John Log 9 – Flores

Posted by John Newhoff on Friday, June 15th, 2007 at 4:47 am

38 deg, 50 min north latitude, 29 deg, 38 min west longitude.

I just woke up from a couple of hours of sleeping for the 12:00am to 2:00am watch, my first watch in four nights. It was awfully nice to sleep through the night in a largely unmoving bed for the three nights we were anchored in the harbor of Lajes des Flores.

We left Ihla de las Flores, Azores yesterday at about 1:00pm local time, which is also 1:00pm UTC, since we’re in the same time zone of the prime meridian. That’s plus eight hours from Seattle.

It should be about a 20 hour passage from Flores to Faile, the next island in the Azores chain that we’re stopping at. The Azores are divided into three groups: east, central, and west. Flores is the largest island in the west group and Faile is the most populous island in the central group.

Its mostly cloudy, but Cassiopiea is visible on the horizon off the port side of the boat. As you would expect, the milky way is spectacular from out in the open ocean, especially right now with the moon being in the new phase. The bimini that provides rain and sun protection to the cockpit of the boat makes it a bit hard to star gaze. You have to sort of hang out the side and twist your next to look up.

Bio-luminescent plankton is sparkling in the boats wake. It mostly sparkles in the white froth at the leading edge of the wake. Its not really bright, even the glow from the laptop LCD screen is enough to decrease my night vision to the point that I can’t really see it. But if I close the laptop, there it is again. It varies from area to area. The highest concentration thus far was a week or so ago during a time when we were in the middle of a glassy sea with no wind, though I have no idea if the two are related.

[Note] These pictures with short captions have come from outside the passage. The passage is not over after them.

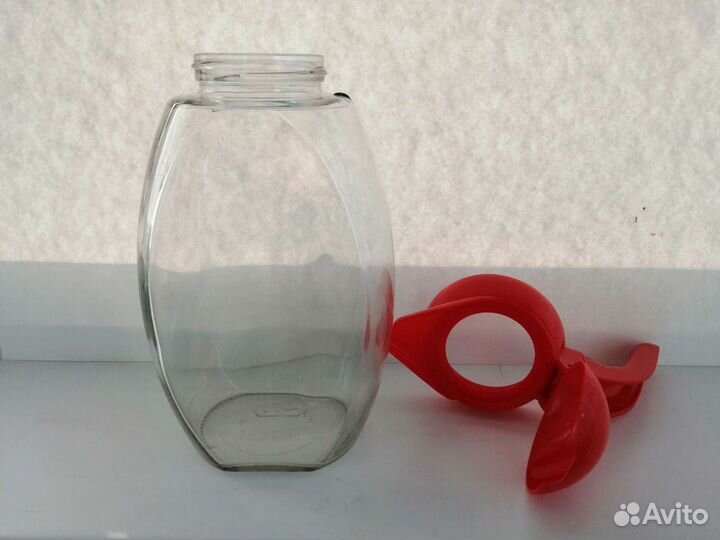 Кувшин стеклянный с крышкой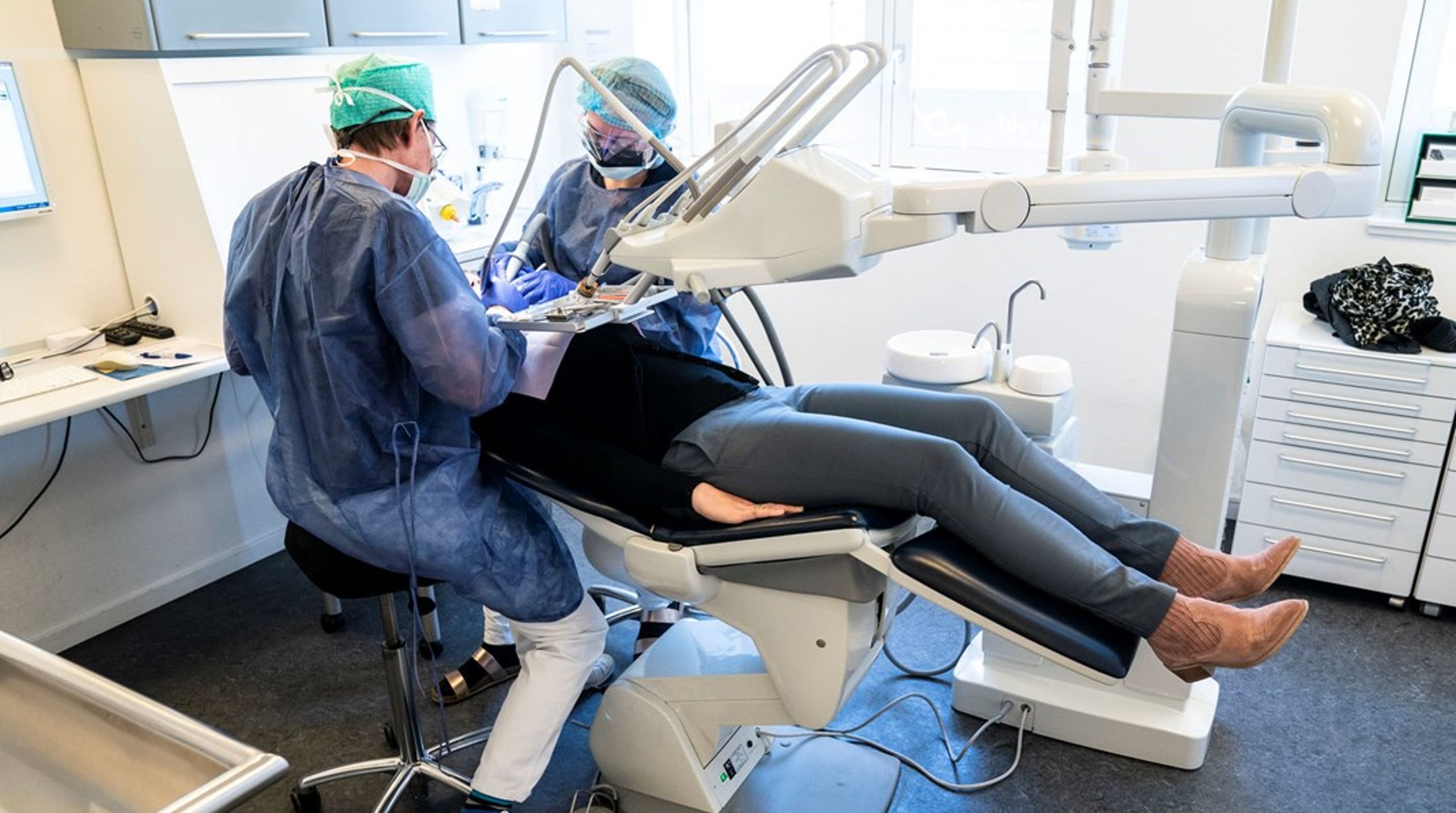 Vi ser meget gerne, at det sidste år i praksisforløbet kan foregå på en tandlægeklinik, som akkrediteres til opgaven, skriver&nbsp;Jens Mondrup.&nbsp;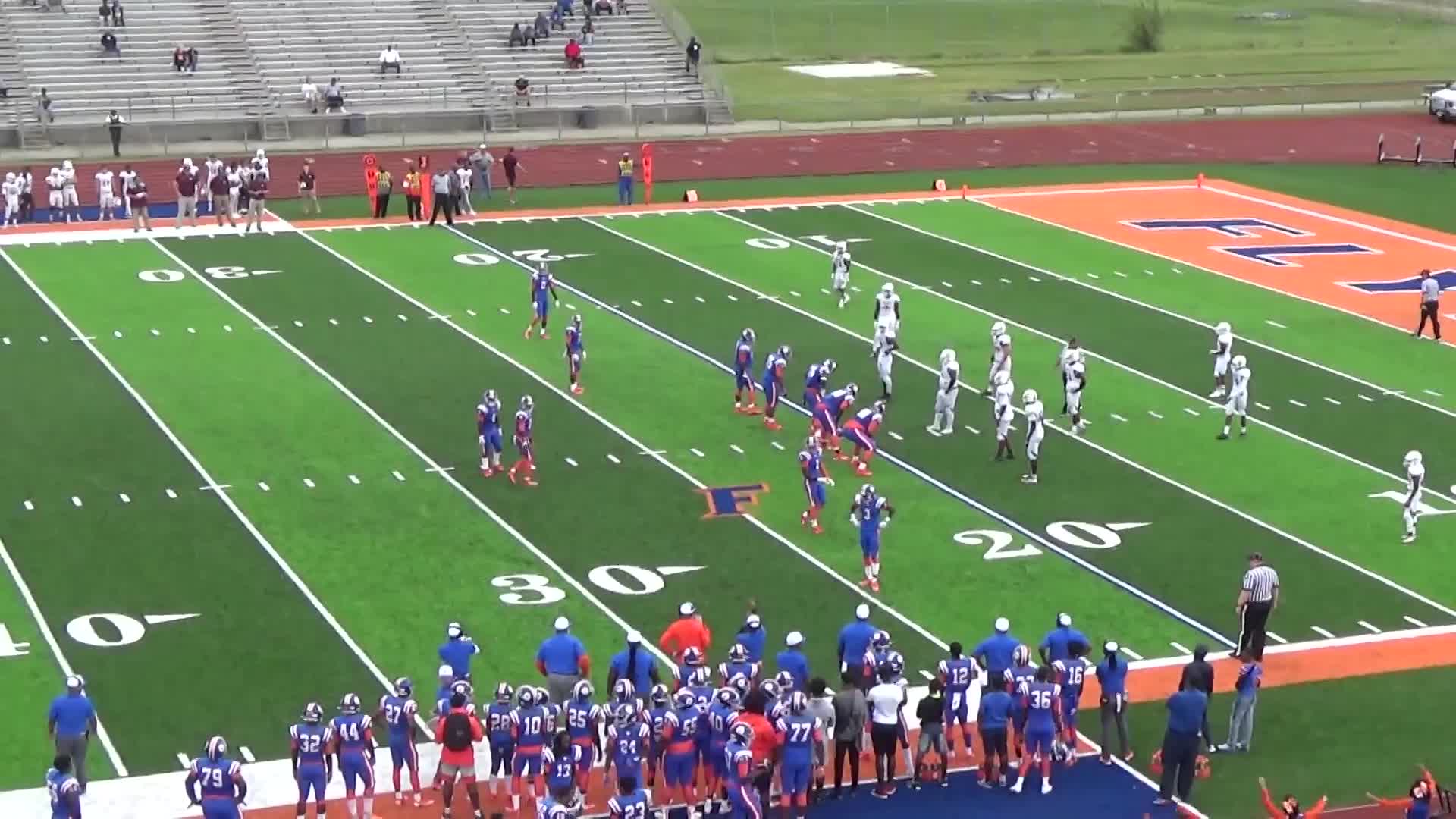 Top Ranked East St Louis Hosts No 16 Edwardsville To Headline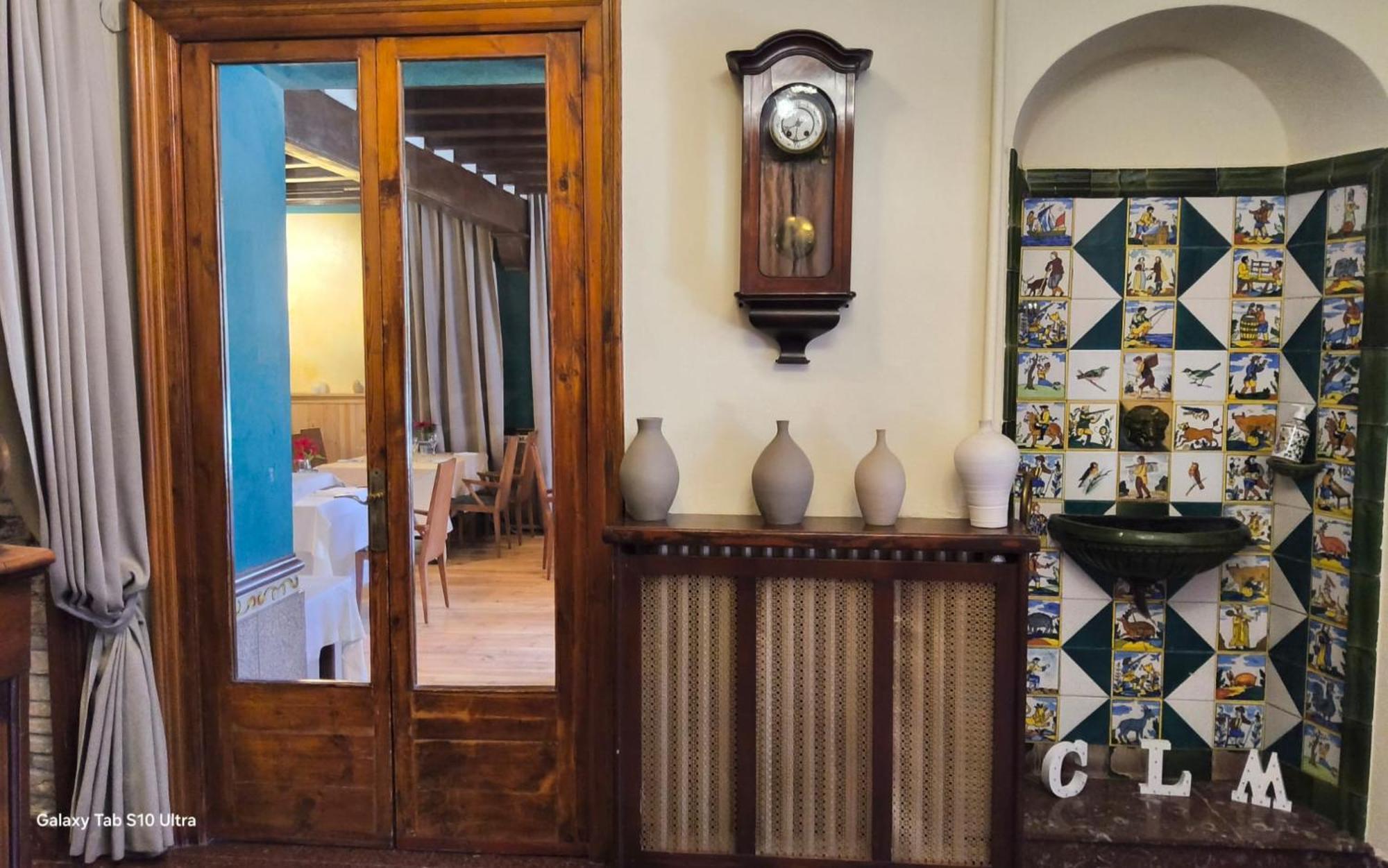 Fonda Ca la Manyana Guest House Sant Julia de Vilatorta Luaran gambar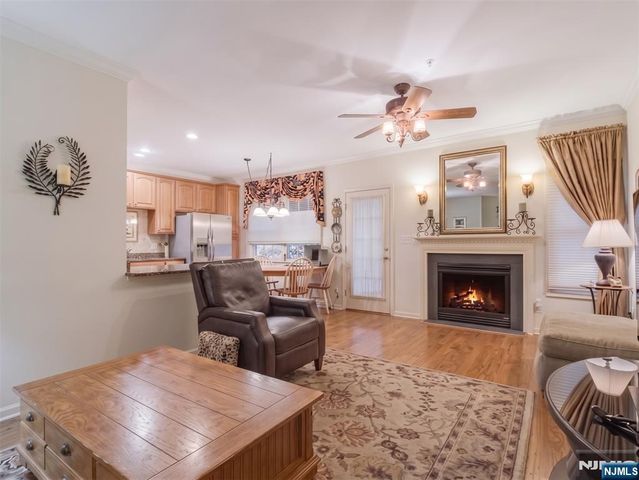 9 Goffle Brook Court 205, Hawthorne, NJ 07506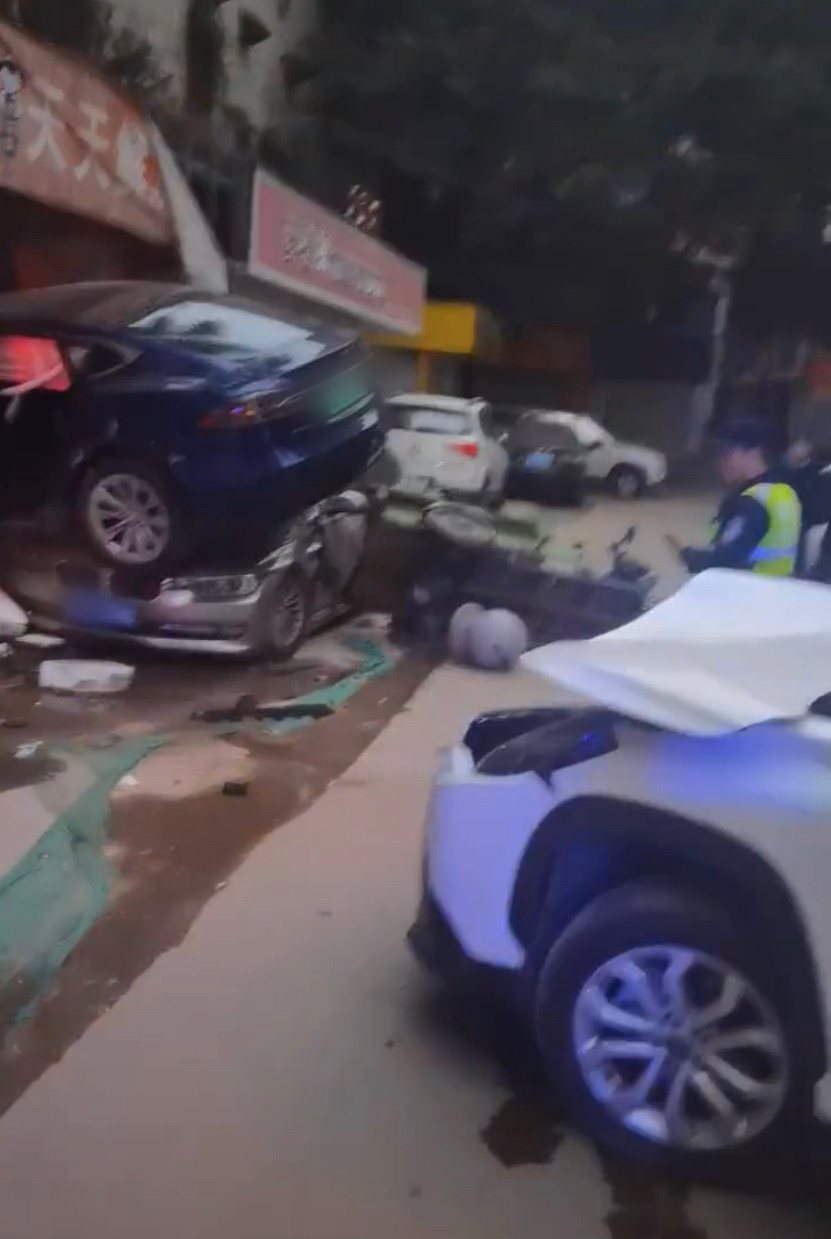 东莞特斯拉（Tesla）失控，连撞2车冲入店铺 2人伤。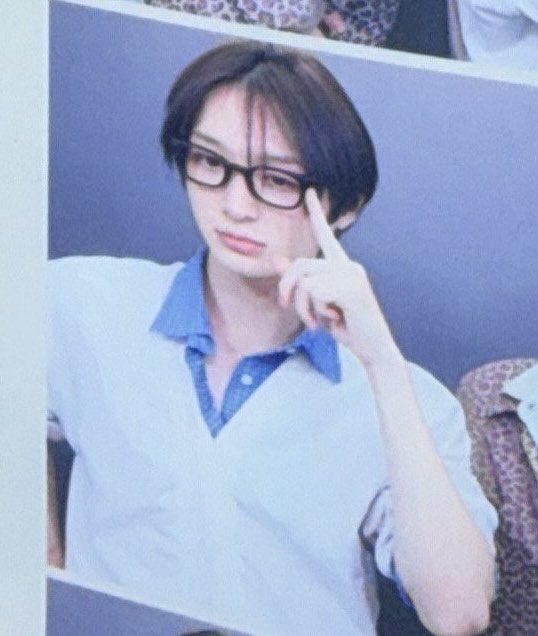 damintang's tweet photo. the genre is glasses. 👓 https://t.co/GUGA9XD9yW
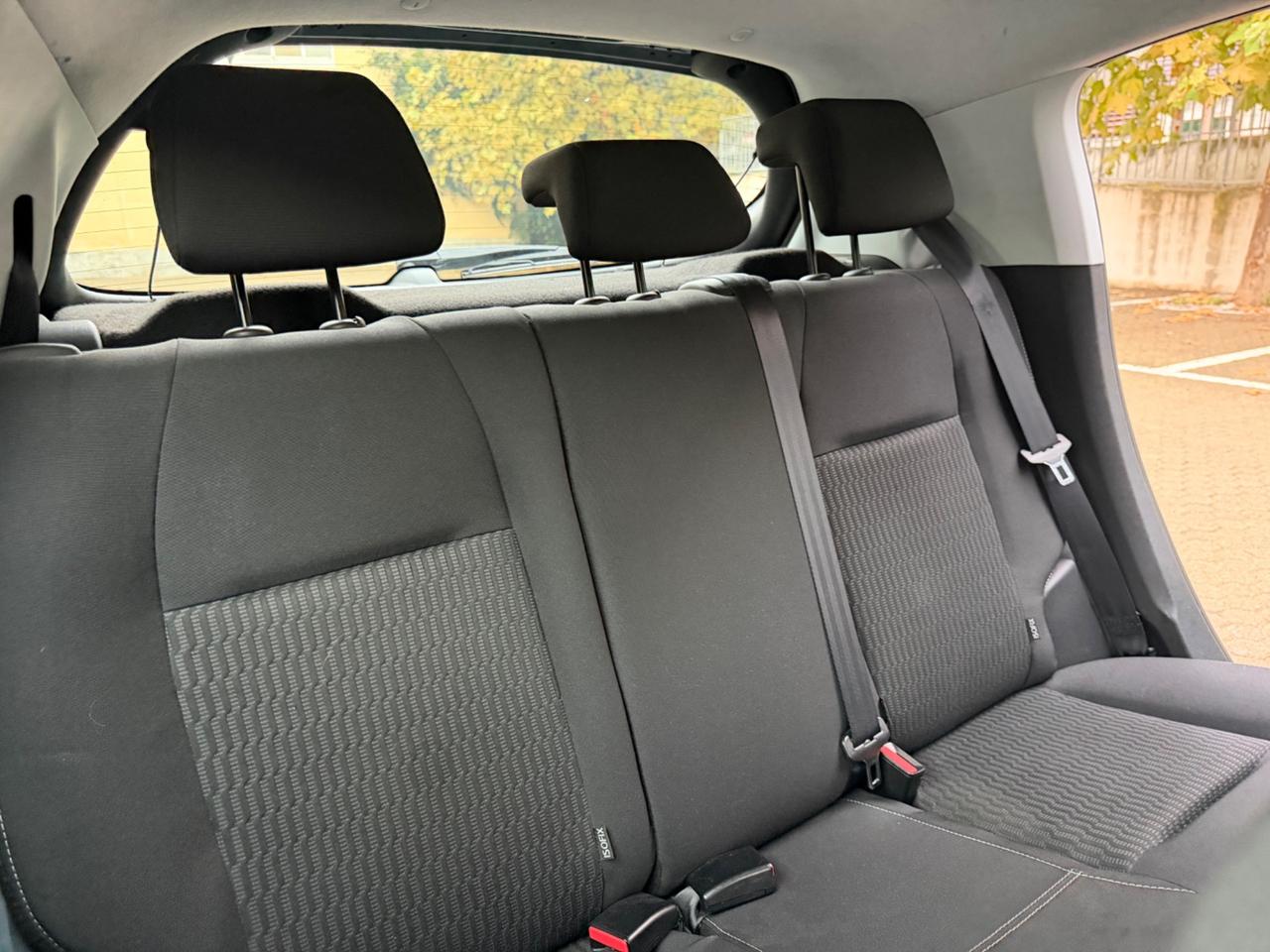Peugeot 208 1.4hdi 75cv Diesel - euro6 - 2016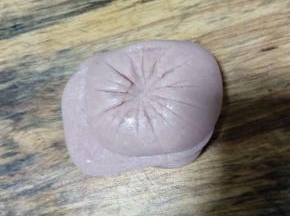 火腿先切成片，再切成细丁备用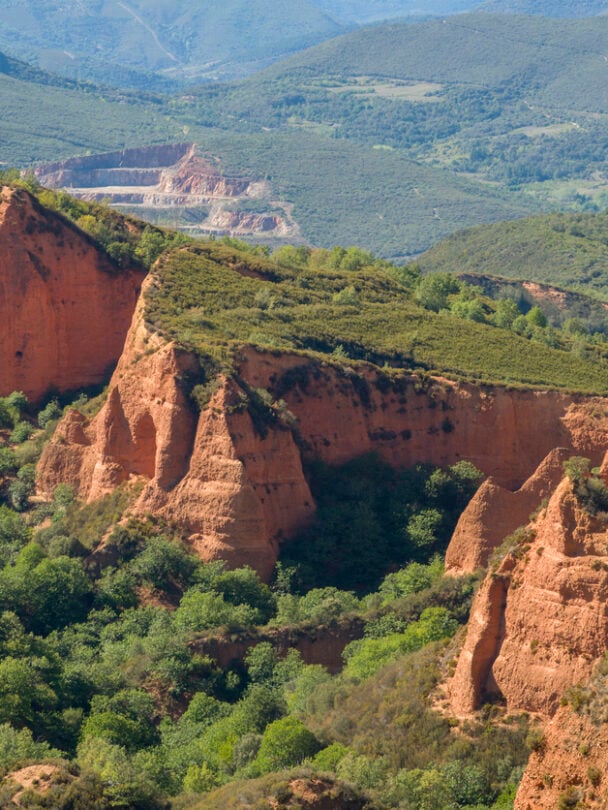 Self-guided tour along Camino Frances, Camino de Santiago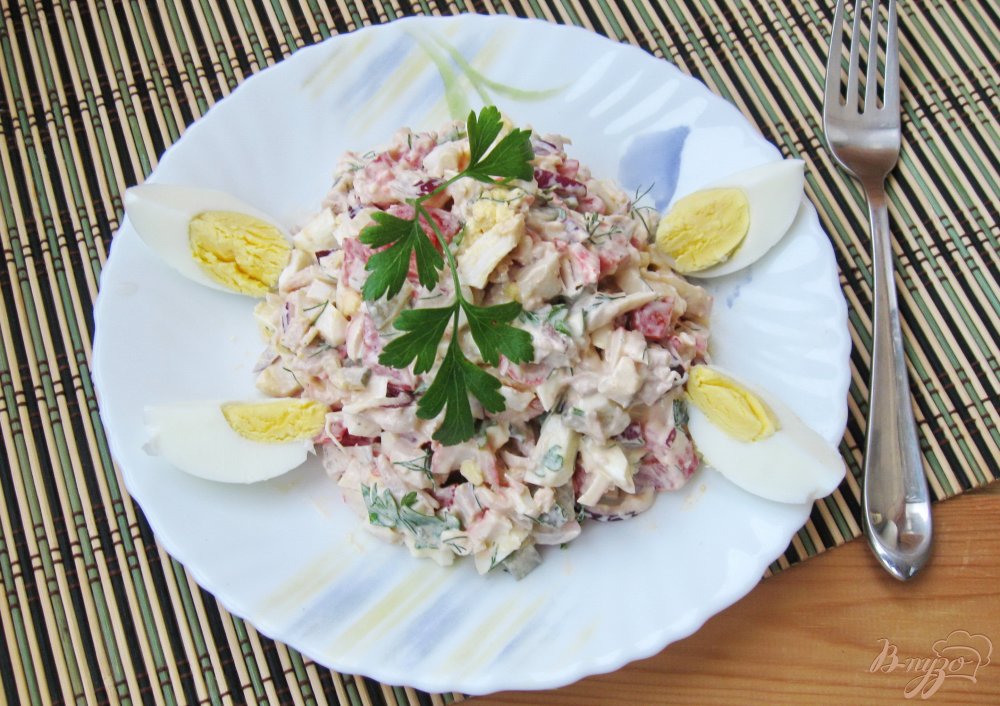 Фото приготовление рецепта: Салат с крабовыми палочками и курицей шаг №8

Back to Ihla de las Flores….

We arrived on the evening of the 11th and were able to anchor close in near a small beach at back of the harbor, not too far from the quay and completely inside the protection of the breakwater.

Tni opened a bottle of wine and we toasted our landfall, after 18 days at sea. All much relieved to be finished with the long passage.

David and Tni went ashore to clear with the local customs office. Jeff and I stayed on board. I ran up the quarantine flag and scrounged up the Portugal flag. You’re supposed to fly the quarantine flag until you’ve finished with customs and then you’re supposed to fly the flag of the host country. The quarantine flag lets everyone know that they should stay away for now, their might be plague on board.

Once finished with customs, we all piled into the dinghy and got ashore to have our first dinner on land since Bermuda. Lajes de Flores, the town in which we found ourselves, is fairly small and not really a tourist town, but it has a couple of restaurants and we went to the one recommended by the cusoms officer. I had a pretty tasty fried fish dish with a side of boiled potatoes. It was already getting late, so we headed back to the boat after dinner.

The first night in almost three weeks without night watches lead to everyone sleeping in. I don’t think anyone got out of bed before 10:00 the next morning. By the time we had some breakfast and rowed to shore, it was noon.

We spent the rest of the day walking and exploring. The town stretches up from the harbor for a mile or so and has mostly white stucco buildings with red tile roofs. There is one gas station, two small grocery stores, a couple of restaurants, one bank, and the usual municapl services.

Interspersed with the white stucco houses are a few older buildings with stone walls. Some of these are occupied, but many are tumbled down. Throughout the town, small plots in between the houses are planted in vegetable gardens. Many of these were planted all in potatoes, but quite a few also had onions, cabbage, corn, and a few other vegetables in smaller quantities. A good number of homes had dogs tied out on a rope or chain. Virtually all of these barked at us and did not seem overly friendly, but then we didn’t test this theory.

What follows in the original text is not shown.